Par un mémoire en défense, enregistré le 23 juillet 2020, le ministre de la justice conclut au rejet de la requête.
Il soutient que c'est à bon droit que la requête de M. D... a été rejetée pour irrecevabilité par le tribunal administratif de Caen.
M. D... a été admis au bénéfice de l'aide juridictionnelle totale par une décision du bureau d'aide juridictionnelle du 23 mai 2019.
Vu les autres pièces du dossier.
Vu :
- le code de procédure pénale ;
- le décret n° 2013-368 du 30 avril 2013 ;
- la loi n° 91-647 du 10 juillet 1991 ;
- le code de justice administrative.
Les parties ont été régulièrement averties du jour de l'audience.
Ont été entendus au cours de l'audience publique :
- le rapport de M. A...,
- et les conclusions de M. Besse, rapporteur public.
Considérant ce qui suit :
1. Par une décision du 10 mai 2017 le directeur du centre pénitentiaire d'Alençon-Condé-sur-Sarthe a refusé d'autoriser un détenu à céder sa console de jeux, de type X BOX 360, à M. B... D..., également détenu, au motif que la personne cédante n'avait pas été identifiée comme en disposant. Par un jugement du 1er mars 2019, dont M. D... relève appel, le tribunal administratif de Caen a rejeté sa demande d'annulation de cette décision pour irrecevabilité.
2. Aux termes de l'article R. 57-6-18 du code de procédure pénale : " Le règlement intérieur type pour le fonctionnement de chacune des catégories d'établissements pénitentiaires, comprenant des dispositions communes et des dispositions spécifiques à chaque catégorie, est annexé au présent titre. Le chef d'établissement adapte le règlement intérieur type applicable à la catégorie dont relève l'établissement qu'il dirige en prenant en compte les modalités spécifiques de fonctionnement de ce dernier. Il recueille l'avis des personnels.". L'article 19 sur l'action socioculturelle de ce règlement intérieur type précise que : "VII. _ La personne détenue peut acquérir par l'intermédiaire de l'administration et selon les modalités qu'elle détermine des équipements informatiques. En aucun cas elle n'est autorisée à conserver des documents, autres que ceux liés à des activités socioculturelles, d'enseignement, de formation ou professionnelles, sur un support informatique. Ces équipements ainsi que les données qu'ils contiennent sont soumis au contrôle de l'administration. Sans préjudice d'une éventuelle saisie par l'autorité judiciaire, tout équipement informatique appartenant à une personne détenue peut être retenu et ne lui être restitué qu'au moment de sa libération, dans les cas suivants : 1° Pour des raisons d'ordre et de sécurité ; 2° En cas d'impossibilité d'accéder aux données informatiques, du fait volontaire de la personne détenue.".
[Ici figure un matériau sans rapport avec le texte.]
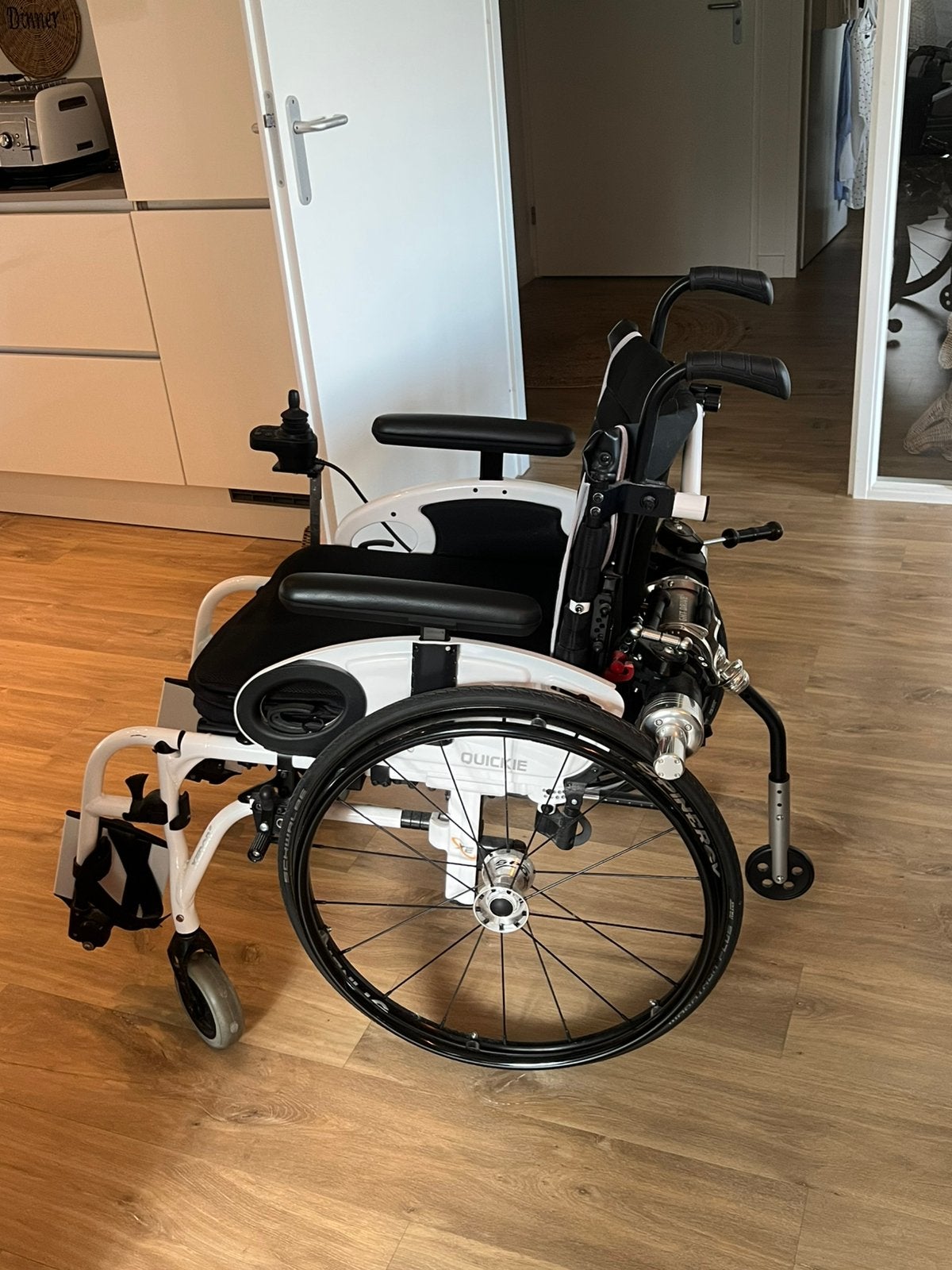 Elektrische rolstoel Quickie Q700 – wit/zwart – NIEUW, Diversen, Ophalen, Nieuw, Elektrische rolstoel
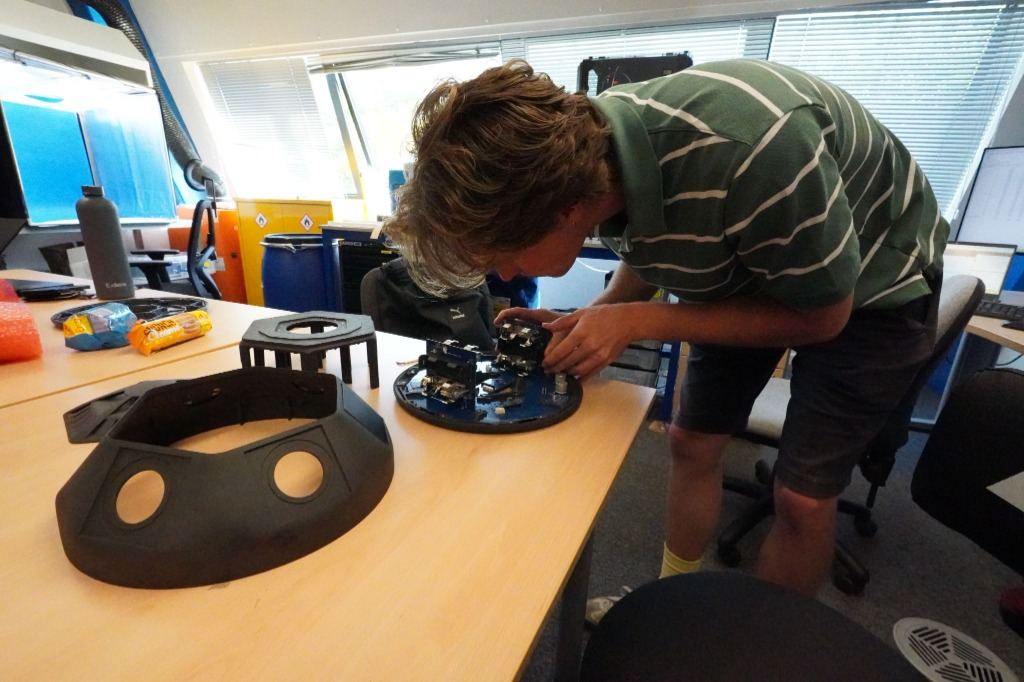 Assembling and configuring the Basestation subsystems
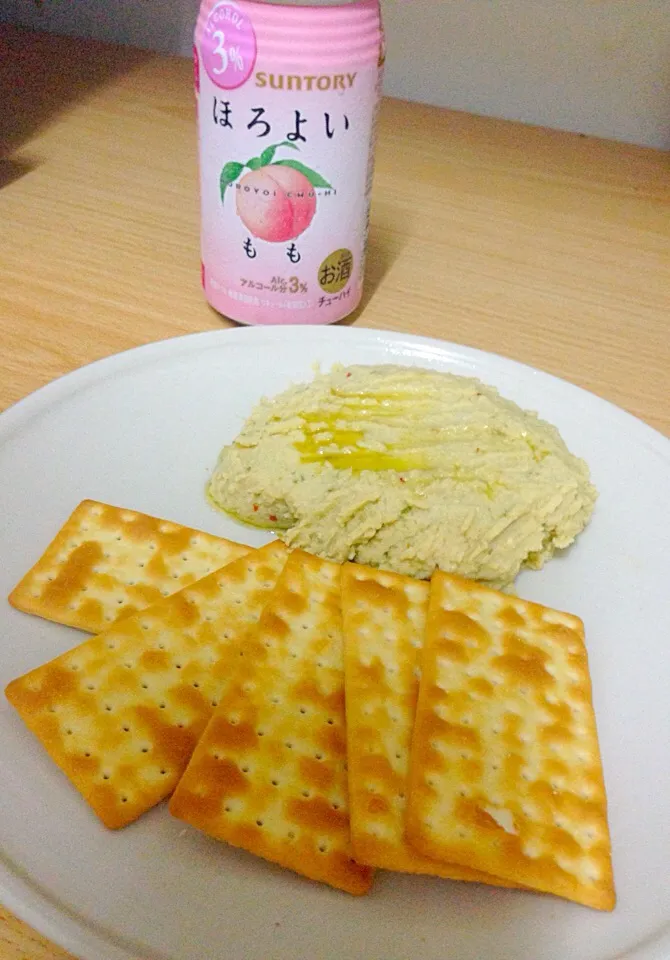 Hummus with crackers and peach cocktail|Emmaさん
3. En premier lieu, eu égard à leur nature et à leurs effets sur la situation des détenus, les décisions de l'administration pénitentiaire refusant aux détenus la possibilité d'acquérir un matériel informatique, auquel s'assimile une console de jeu non communicante, dès lors qu'elles ne privent pas la personne détenue de la possibilité effective d'utiliser cet équipement dans les conditions définies par les dispositions précitées, ne constituent pas des actes administratifs susceptibles de faire l'objet d'un recours pour excès de pouvoir, sous réserve que ne soient pas en cause des libertés et des droits fondamentaux des détenus.
4. En second lieu, doivent être regardées comme mettant en cause des libertés et des droits fondamentaux des détenus les décisions qui portent à ces droits et libertés une atteinte qui excède les contraintes inhérentes à leur détention.
5. La décision par laquelle l'administration pénitentiaire a refusé à un autre détenu l'autorisation de céder à M. D... une console de jeu non communicante n'a pas par elle-même pour effet d'aggraver les conditions de détention de l'intéressé dès lors qu'il ne disposait pas antérieurement de cet outil de distraction, qu'il conservait la possibilité d'acquérir une telle console et qu'il bénéficiait par ailleurs d'un régime de détention lui permettant de participer aux diverses actions socioculturelles et autres activités collectives autorisées dans l'établissement et de disposer d'outils informatiques laissés en libre accès aux détenus. Dans ces conditions, c'est à juste titre que les premiers juges ont estimé que la mesure contestée, qui ne met pas en cause, à elle seule, les libertés et droits fondamentaux des détenus, constituait un acte administratif insusceptible de faire l'objet d'un recours pour excès de pouvoir.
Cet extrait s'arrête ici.